Various - Late NightTales: MGMT
Mon 7th Nov, 2011 in Music Reviews
After the epic success of their first album Oracular Spectacular and the mixed reception to follow-up Congratulations, what was the logical next step for MGMT?
Rather than hitting back with a big commercial release or continuing down the new guitar-driven sound of their second album, the duo has released a compilation in the renowned Late Night Tales series. Reminding their audience that they are “firstly fans of other people’s music” as the album booklet does, MGMT are asserting their status as music enthusiasts above all else.
If staking a claim to musical integrity was at all part of the aim with this compilation, it’s worked. Late Night Tales has a history of great releases, with a mixing alumni as prestigious as Air, Four Tet, The Flaming Lips, and most recently, Trentemoller. By any estimation, MGMT have done the series justice with their introspective and strung-out 20-track mix.
But be warned, it’s definitely not destined to be a club favourite. Touted as “music for the after-after party”, the mix is dominated by a gentle, low-fi, and often shoe-gaze sound. That’s not to say it’s a complete departure from the sorts of sounds you’d expect from MGMT – opening with Disco Inferno’s Can’t See Through This, we’re initiated with a breezily electronic riffs not unfamiliar to the duo. From there, there’s everything from the sixties vestige Love You Girl by The Great Society, Suicide’s synth-driven Cheree and twangy instrumental inclusions from the likes of Felt.
With inclusions from The Velvet Underground and Television Personalities, the tracks are, of course, by no means new. In fact, with the majority of the featured tracks coming from the sixties, seventies and eighties, it’s fair to assume that MGMT are referencing their own early influences – and as ever with such ventures, it’s interesting to be allowed an insight into the music that brought the pair to where they are today.

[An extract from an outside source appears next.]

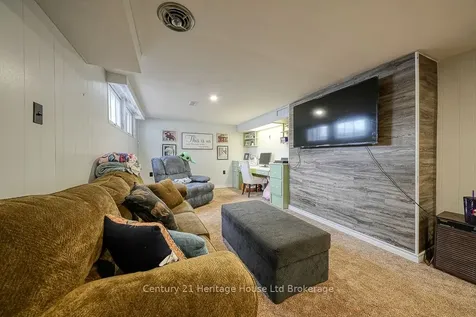 19 Meadow Road Brantford ON N3R 3K9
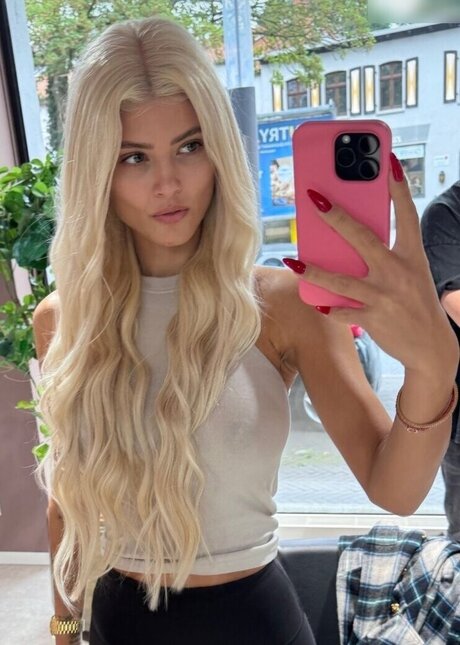 Milica Denise Umicevic star du porno belle collection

At the halfway point comes MGMT’s own original contribution to the mix, a cover of Bauhaus’s All We Ever Wanted Was Everything. It’s brilliantly handled– sitting covertly amongst the other artist’s tracks; All We Ever Wanted Was Everything achieves a resonating, eerie quality. Combining the Congratulations -esque guitar strums and psychedelic undertones with the electronic twangs of Oracular Spectacular, you can’t help but wonder what form the sound of the forthcoming third album will bring.
Kicking off the second half is Chevel Sombre’s slow-paced Troubled Mind, before one of the most surprisingly powerful inclusions, Dave Bixby’s Drug Song. Bixby pleads “I’ve ruined my temple with drugs / my mind is stung” and “I’m not a person/ I can’t even feel” – a sentiment that’s a world away from the coke-happy anthem of Time to Pretend. The compilation also covers the decidedly more electronic territory of Martin Rev’s Sparks, the gentle synth strains of Melancholy Man by The Wake and the pinging Morning Splendour by Pauline Anna Strom. Ending the mix is a spoken-word track by former NME writer Paul Morley – which with lines like “Language is made up of millions of clamorous, close-mouthed ghosts, as inhuman as glass” will no doubt be interpreted variously by different listeners as either peculiar, strangely poetic or just a bit pretentious.
MGMT’s contribution to the Late Night Tales series may not be to the taste of all their current fans, but it’s nonetheless a superb mix. Despite the unhurried pace of much of the compilation’s tracks, it never grows tired or uninteresting. Rather, the mix captivates the entire length; evoking an atmosphere that could be the come-down sequel to Oracular Spectacular.